# Remember Summer.......



## GoldenJoyx'stwo (Feb 25, 2007)

I'm so very sorry. I do not regret trying to help Summer at all. I just wish we could have saved her.


----------



## Jazz & Jules (Feb 25, 2007)

Kimm said:


> I'm so very sorry. I do not regret trying to help Summer at all. I just wish we could have saved her.

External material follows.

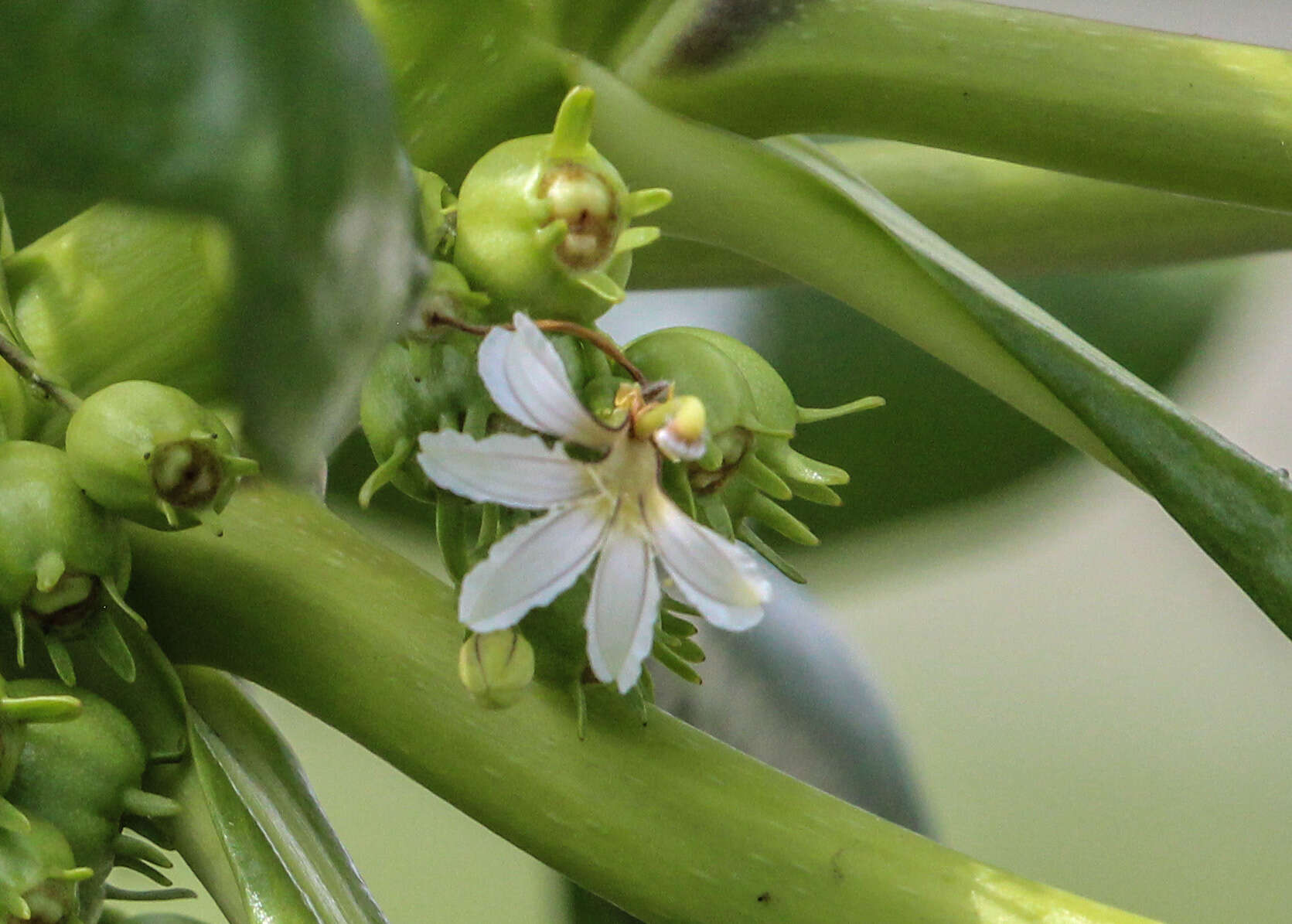 Image of Fan Flower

I believe we did save her Kimm, if only for a few short months, it gave the family a chance to love and say goodbye.


----------



## mybuddy (Mar 2, 2007)

No Way!!!!! Oh no!!!!! Shoot...thanks for passing this on Martha. Gosh...that is just horrible. I feel so sad about this. I must go send them a message now.


----------



## olik (Apr 13, 2008)

how sad!


----------



## Jackson'sMom (Oct 13, 2007)

It looks as if she really enjoyed her last days with her family.


----------



## Oaklys Dad (Dec 28, 2005)

Sorry to hear the news. My thoughts are with Summer's parents.


----------



## MycrazyGoldengang (Jan 15, 2008)

I have just read her blog, and posted a thread not aware that this one had been created. I followed her path and now sittting here with tears in my eyes.

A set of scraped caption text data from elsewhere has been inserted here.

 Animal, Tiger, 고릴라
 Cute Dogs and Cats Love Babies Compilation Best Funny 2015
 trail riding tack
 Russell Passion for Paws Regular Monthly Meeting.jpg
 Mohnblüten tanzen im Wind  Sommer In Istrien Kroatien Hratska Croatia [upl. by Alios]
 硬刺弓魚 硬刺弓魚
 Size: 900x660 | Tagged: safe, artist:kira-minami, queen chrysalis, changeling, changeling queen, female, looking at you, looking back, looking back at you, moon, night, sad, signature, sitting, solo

Yes i am a 46 year old male but when you here of some one's loss it hurts.

My two are getting extra hugs now why ? because i am grateful and lucky not to have to face that.


----------



## jealous1 (Dec 7, 2007)

Thank you for posting as I did not have the site bookmarked on this computer and have been checking regularly to see if there had been any updates. I am so sorry for his and his family's loss of Summer as it was so obvious how much they loved her. Rick, if you read this, may your wonderful memories of Summer comfort you and your family in the coming days.


----------



## mybuddy (Mar 2, 2007)

Ellesimmo said:


> I have just read her blog, and posted a thread not aware that this one had been created. I followed her path and now sittting here with tears in my eyes.
> 
> Yes i am a 46 year old male but when you here of some one's loss it hurts.
> 
> My two are getting extra hugs now why ? because i am grateful and lucky not to have to face that.

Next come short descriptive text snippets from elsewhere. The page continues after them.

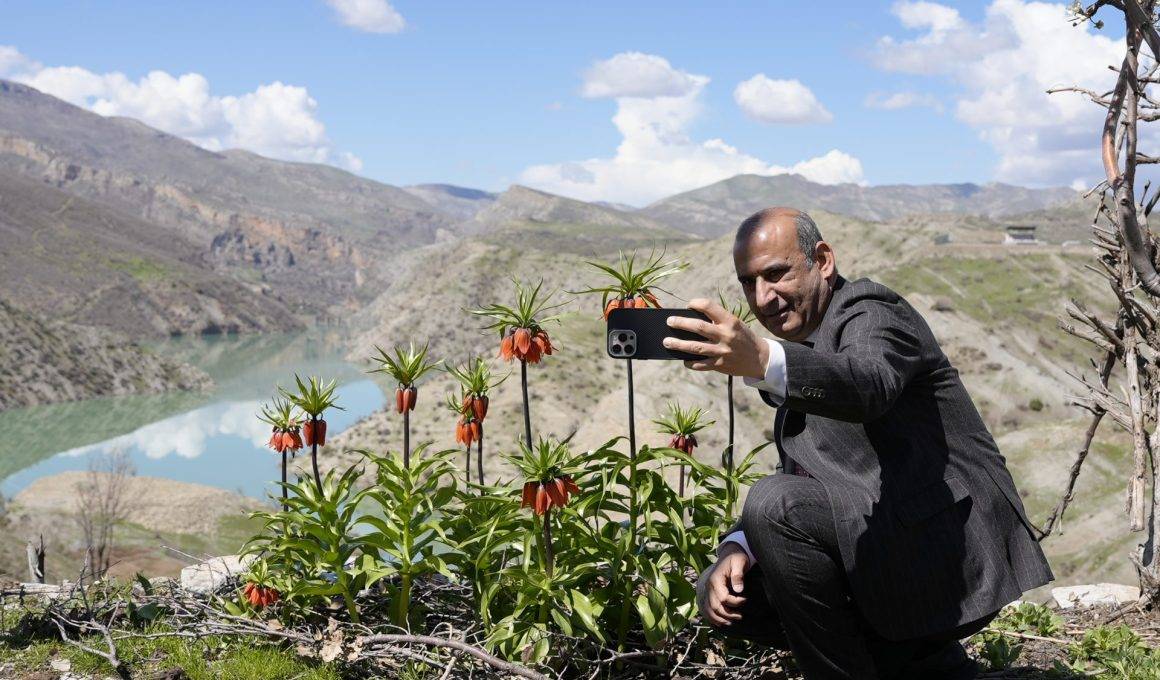 Güzelliği kadar cezası da büyük: Ters laleler Şırnak'ta açtı
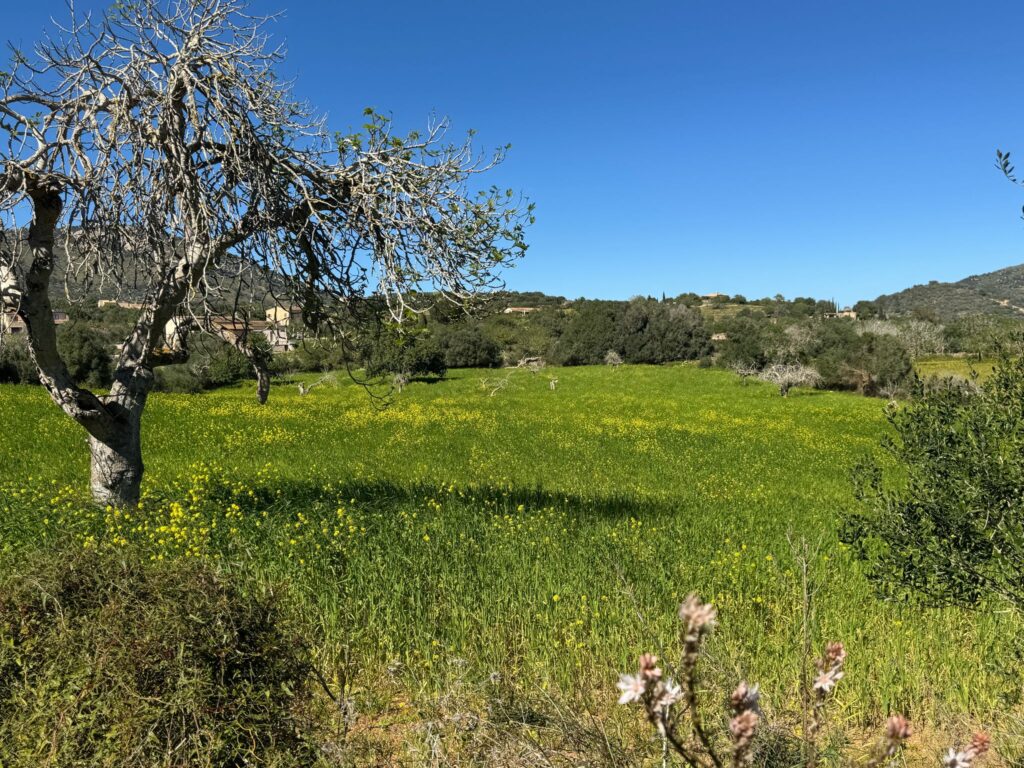Neubaufinca in idyllischer Lage bei Sant Llorenç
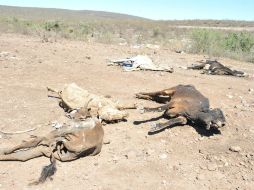 Los cambios climáticos significan una amenaza para la industria lechera, la cría de ganado y aves en municipios alteños. EFE / ARCHIVO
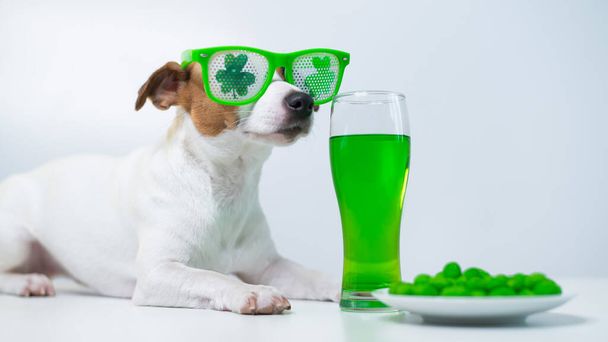 Dog with a mug of green beer and glazed nuts in funny glasses on a white background. Jack russell terrier celebrates st patricks day - Photo, Image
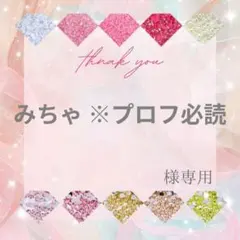 みちゃ ※プロフ必読様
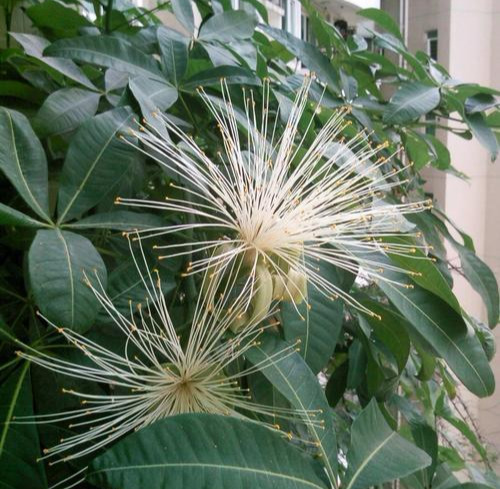 金钱树开花风水(金钱树开花风水好不好)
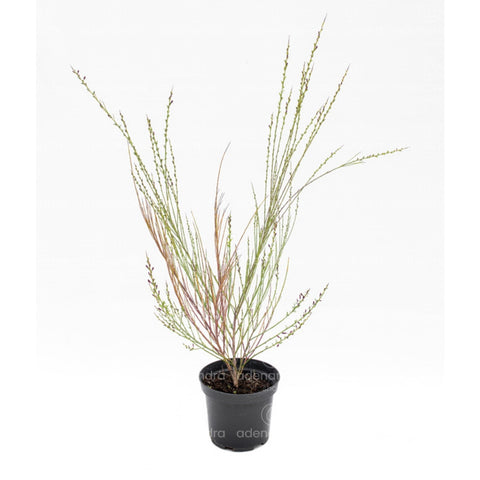 Cytisus scoparius (Burkwoodii), h 40-60 cm, verde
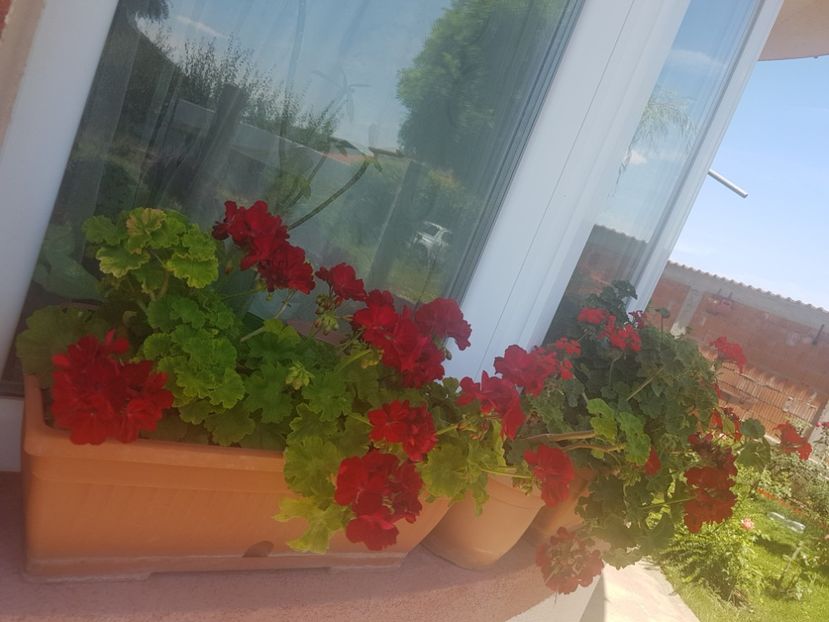  - Plante de interior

I was thinking the EXACT same thing after reading that. I ran out to the livingroom and threw my arms around Buddy and squeezed. I thought about what they are going through and what poor Barb went through xmas day losing her Buddy....cherish the day....


----------



## BeauShel (May 20, 2007)

I too saw that and had tears in my eyes from their loss. I hope they can find comfort in the memories and love that they had for her. Run free sweet girl, you are loved and missed.


----------



## Heidi36oh (Feb 27, 2007)

Oh no, RIP sweet Summer.


----------



## AtticusJordie (Aug 15, 2006)

Even though Summer is gone--everyone pitched in and helped give her some more time with her parents. I agree--she did seem happy in her last days. That is the way she should be remembered.

RIP Summer........

SJ


----------



## Ardeagold (Feb 26, 2007)

Oh no. I'm so sorry to hear this. But I'm glad the family had these precious months with her.

Godspeed sweet Summer.


----------



## goldensmum (Oct 23, 2007)

Run free play hard and sleep softly girl


----------



## jlc's mom (Dec 21, 2007)

This makes me so sad. I'm sure glad she had thoughs extra months with the family. RIP sweet summer.


----------



## MycrazyGoldengang (Jan 15, 2008)

If you get 5 minutes go to the blog there is a lovely letter from Rick

Title Thank You Everyone.


----------



## Karen519 (Aug 21, 2006)

*Rest in peace sweet Summer*

Rest in peace sweet Summer.

*Please take the time to go to her Blog and read the thank you from Rick.
http://web.me.com/rickphenicie/Summ...ies/2008/12/26_My_Best_Friend_Is_Gone....html*

I too am glad we could give them a little more time with her and saddened by the arguing that was going on back then

I am so very grateful Smooch and Snobear are still hear with us and I feel so bad for the family. Summer was a beautiful soul!!


----------



## MissRue (Nov 18, 2008)

Oh no, that's so sad.


----------



## CindyZ (Nov 29, 2008)

How sad. They posted they tried to make her last days fun and it looks like they succeeded from the pictures. May she rest in peace.


----------



## WLR (May 11, 2008)

****.......That kind of "defeat" really stings. But we bought her 3 good months to be with the ones she loved. 
I'm sure her spirit will guide them toward their next Golden, perhaps a rescue who will always be willing to give that unconditional Golden love.


----------



## ShadowsParents (Feb 27, 2007)

Thanks for the update Mj. I've wondered what happened to her but couldn't remember the link to her site.


----------



## Blaireli (Jun 3, 2008)

I just checked Summer's website, as I hadn't been on there for a couple of weeks. I'm so sad to hear about her passing, but so thankful she had a wonderful life with such a loving family. Rick, if you come back on here, please know that you and your family are in our thoughts and prayers. Rest in peace, sweet Summer.


----------



## Mandy's Dad (May 27, 2008)

Rest in peace Summer! I really didn't know this situation, but it sure sounds sad. Glad that the GRF could help when they did.


----------



## Packleader (Nov 27, 2007)

I often visited Summer's website. Then there seemed to be a long gap between postings so I emailed Rick to see what was happening. Then I found out last week she had passed, it made me sad. I really feel for the family. And yes GRF did give her those extra months that the family cherished. That darn thing grew back sooo fast.


----------